そんなこともあってか、9月16日に我が国の第99代首相となった菅義偉氏率いる内閣の顔ぶれは、一見すると新鮮味のないもののように見えるかもしれない。確かに元大臣の再起用や、前大臣の留任、横滑りなどを受けて国内の大手メディアでは驚きの少ない無難な人事であると評価されている。

一方で、これを受けて新内閣の支持率は6割超とも言われているというのであるから、政策の内容の良し悪しはともかく、菅氏の政治手腕が改めて顕になったというところであろう。その勢いは就任記者会見における上川法相の「現在法務省は国民の皆様からの信頼が損なわれているようにあると言わざるを得ません」河野行革担当相の「前例主義、既得権、権威主義の最たるものだ。こんなものはさっさとやめたらいい」などという思い切った発言に如実に現れている。
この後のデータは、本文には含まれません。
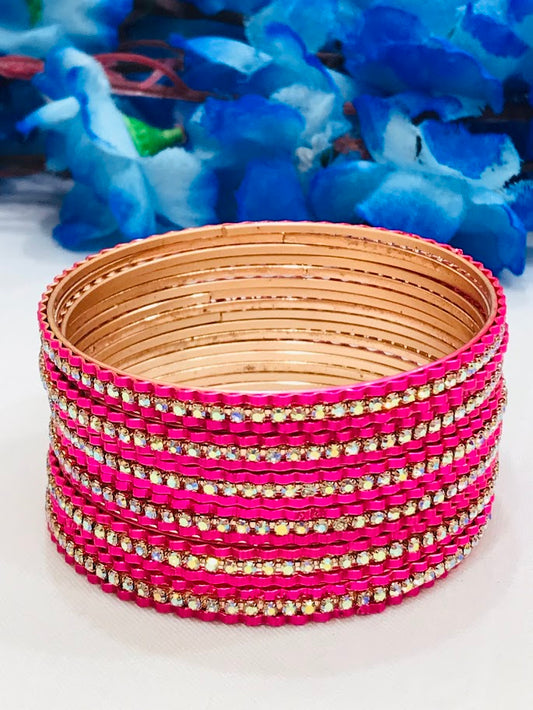 Amazing Pink With White Color Stone Work Metal Bangles For Women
好調な滑り出しの菅政権とて長期的な求心力維持のためには、経済の問題は避けて通れまい。その経済には外交や軍事が絡むもので、事実今日の世界経済に立ちはだかる大きな壁が米中冷戦である。アリババ傘下の英字中国紙サウスチャイナ・モーニング・ポストは9月4日付けの記事で「米国の金融制裁による中国の資産の差し押さえの可能性がある」などとして「中国が米国債の保有を徐々に削減」すると報じた

中国関連の軋轢は経済だけではなく、軍事的な挑発も後を絶たない。台湾の三立ニュースネットは9月13日の記事で「9日正午に、多数のスホーイ-30(SU-30)と殲-10(J-10)戦闘機を送り込み台湾を混乱させ、傲慢にも私たちの国を挑発した。」と中国に対する危機感と怒りをあらわにした

中国がこのような挑発をすれば自由主義社会の盟主たる米国も黙っているはずはなく、台湾周辺地域における警戒を強化している。ウイグル、内モンゴル、チベットと周辺国を侵略しては住民を弾圧し、時には虐殺する中国の姿勢に対する不安は香港や台湾から飛び火して世界に認識が広まっており、チェコの上院議長が台湾を訪問し立法院で「私は台湾人だ」と演説するに至った。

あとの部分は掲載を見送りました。